→ ASSIGNED TASK: Your output should match the listing below word for word, without any images.

→ RECORDED DATA:
■ ■ ■
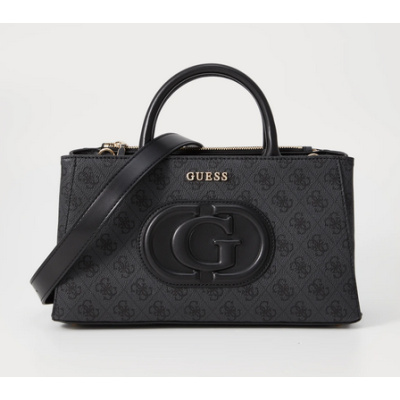 Bolso Guess Mujer Eco Mietta Flap Shoulder Bag Coal Logo/Black Ref: ESG951320 COAL LOGO/BLACK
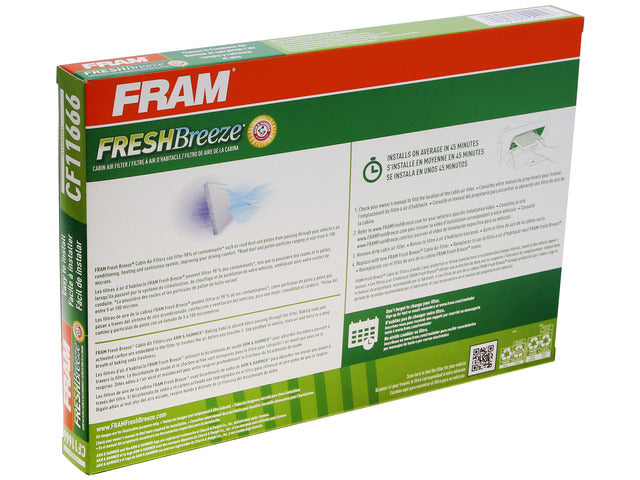FRAM Cabin Air Filter P/N:CF11666 Fits: Hyundai Elantra 12-09 - Image 1
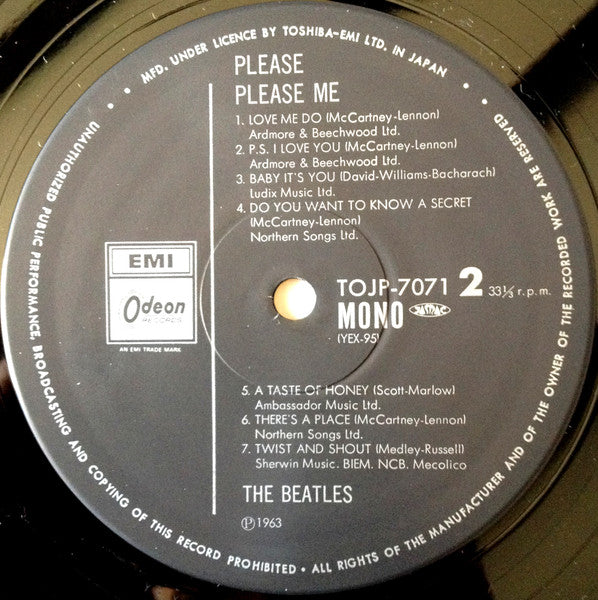 The Beatles - Please Please Me (Vinyl, LP, Album, Reissue, Remaster...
■ ■ ■
→ EXERCISE ANSWER:
 Bolso Guess Mujer Eco Mietta Flap Shoulder Bag Coal Logo/Black Ref: ESG951320 COAL LOGO/BLACK
FRAM Cabin Air Filter P/N:CF11666 Fits: Hyundai Elantra 12-09 - Image 1
 The Beatles - Please Please Me (Vinyl, LP, Album, Reissue, Remaster...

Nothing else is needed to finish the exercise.